Winning ugly is sometimes part of the mix in the Big Ten conference. But there was nothing ugly about senior guard Bronson Koenig’s second half, as he pulled the Badgers over the finish line 68-64 against a game Michigan Wolverines squad.
The win was Wisconsin’s 17th straight at home and its 11th in the last 12 games overall this season.
However, it took a mammoth effort from Bronson Koenig to get the Badgers to those numbers, finishing with 16 points, 13 of which came in the second half.
As Michigan went cold and struggled with foul trouble, Wisconsin went on a 15-0 run to push the lead to 58-49 with 2:24 to play. From there it was a team effort at the free throw line mostly, capped off by a pair of makes from Koenig with four seconds left to play and just a two-point lead to play with.
Koenig had help in this game, with Vitto Brown (13), Ethan Happ (11) and Nigel Hayes (13) all scoring in double figures. None of it was excellent shooting though, as those four double digit scorers combined to shoot just 42 percent from the field (19 of 45).
Wisconsin’s hot streak against Ohio State didn’t hold over, at least for the first 30-plus minutes of the game.
A combination of bad spacing, good Michigan defense inside the arc and bad shot selection led to Wisconsin leading just 26-21 at the break despite creating six Michigan turnovers and having a 16-6 advantage in points in the paint.
The lone bright spot was the play of senior forward Vitto Brown, who tied for the first-half lead with nine points on 4 of 6 shooting. Michigan countered with Zak Irvin and his nine points though.
Despite the struggles, Wisconsin’s defense did its job in the first half, allowing the Badgers to lead for more than 17 minutes of the half.
That work didn’t matter much, as Wisconsin let Michigan hang around and it came back to bite them hard to start the second half.
UW took over seven minutes in to hit its first field goal for the half. Meanwhile, Michigan went from down six to up by as many as eight points.
Even making Michigan foul and foul and foul didn’t matter in the first 10 minutes of the half, as Wisconsin couldn’t take advantage of spending most of the second half in the bonus. In fact, three of Wisconsin’s first five points of the half came from the free throw line and it took until there was just 11:55 left before a second field goal would go in for the Badgers in the half.
Wisconsin got things going from the field off a missed free throw ironically, as freshman point guard D’Mitrick Trice missed the back end of two free throws and received the ball in the corner for a three pointer.
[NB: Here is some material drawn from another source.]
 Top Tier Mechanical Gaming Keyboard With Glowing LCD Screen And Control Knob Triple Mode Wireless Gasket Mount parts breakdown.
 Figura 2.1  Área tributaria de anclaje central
It served to wake up the Kohl Center and Wisconsin’s offense too. Nigel Hayes went down the next possession and made the game 38-36 Michigan with 10:50 to play in the game.
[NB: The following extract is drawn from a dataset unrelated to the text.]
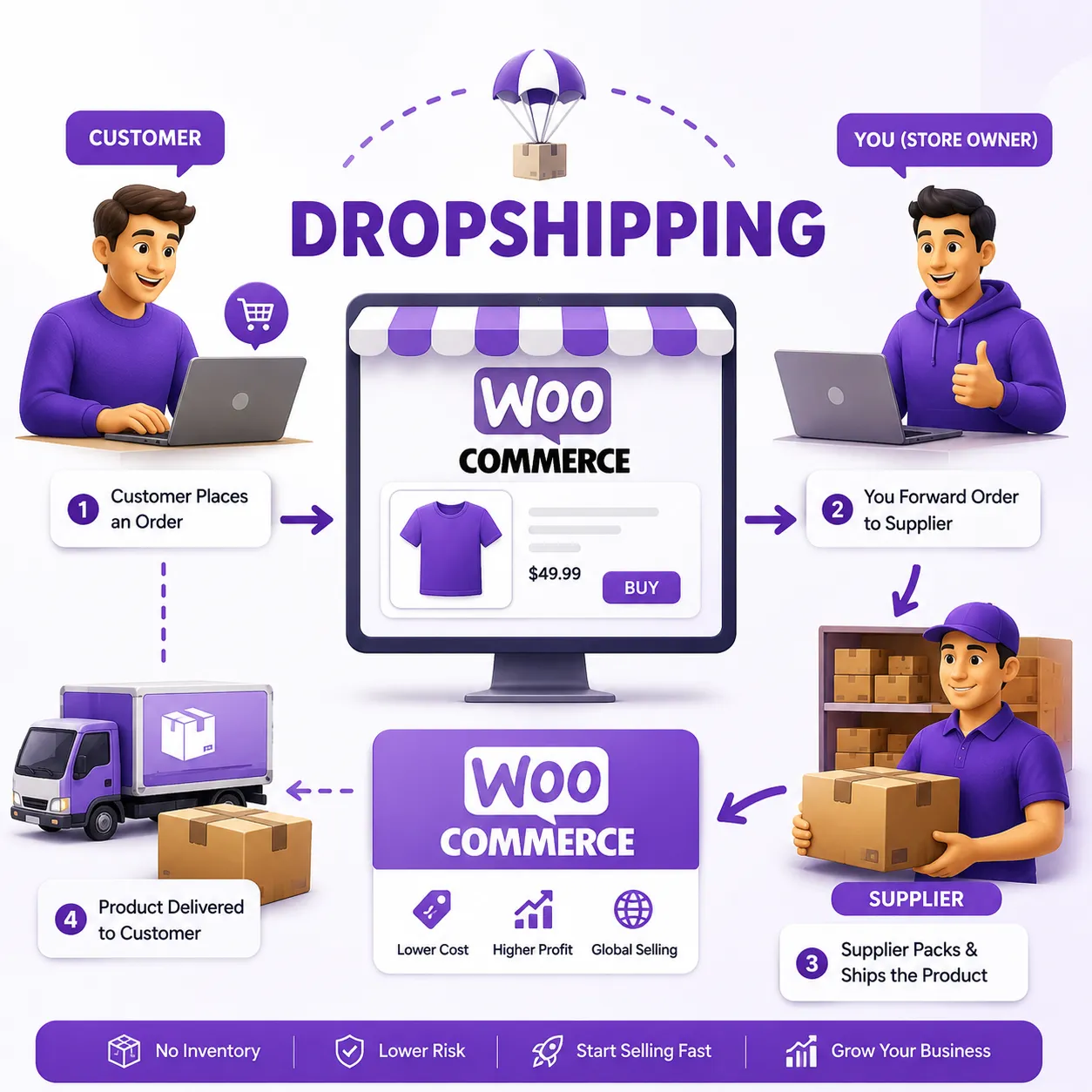 WooCommerce Dropshipping plugins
From there it was the Bronson Koenig show, as he poured in 13 of his 16 points in the second half of the game. It led in large part to the Badgers going from down by as many as eight points to up 60-51 with 2:13 to play.
However, the Wolverines wouldn’t die and nearly fought all the way back despite incredible foul trouble. That happened in large part thanks to shooting a ridiculous 7 of 11 from three-point range in the second half.
It certainly helped Michigan crawl back in the final minute, eventually pushing Wisconsin to just a 66-64 lead before Koenig’s clutch free throws to seal the deal.
Observations:
- Alex Illikainen needs to stop shooting three point shots. We get that you went 2-of-2 from deep against Ohio State, but even Illikainen had to know that those makes were an aberration and not a sign of things to come. Illikainen found out the hard way in the first half, badly missing his first attempt and then airballing a wide-open attempt from the top of the arc later in the first half.
- If there was a moment of the game for me, it was a timely missed free throw by Wisconsin. With D’Mitrick Trice at the line & the Badgers desperate for points, he hit the first of two only to miss the second and then this happened:
Trice completes a 4-point possession, then a stop, then another score, and it's a two-point game. pic.twitter.com/p6P48zNj5b
— Big Ten Geek (@bigtengeek) January 18, 2017
- Without that bucket with the Badgers down by seven, there is no comeback, no Koenig going nuts and certainly no 15-0 run. That was the moment everything clicked for Wisconsin and it all unraveled for Michigan.
Grades:
Up Next:
Wisconsin will travel to Eastern Dakota to take on the Goofs on Saturday at 3:30p.m. CT. The game will be televised by either CBS or BTN, which will be determined later this week.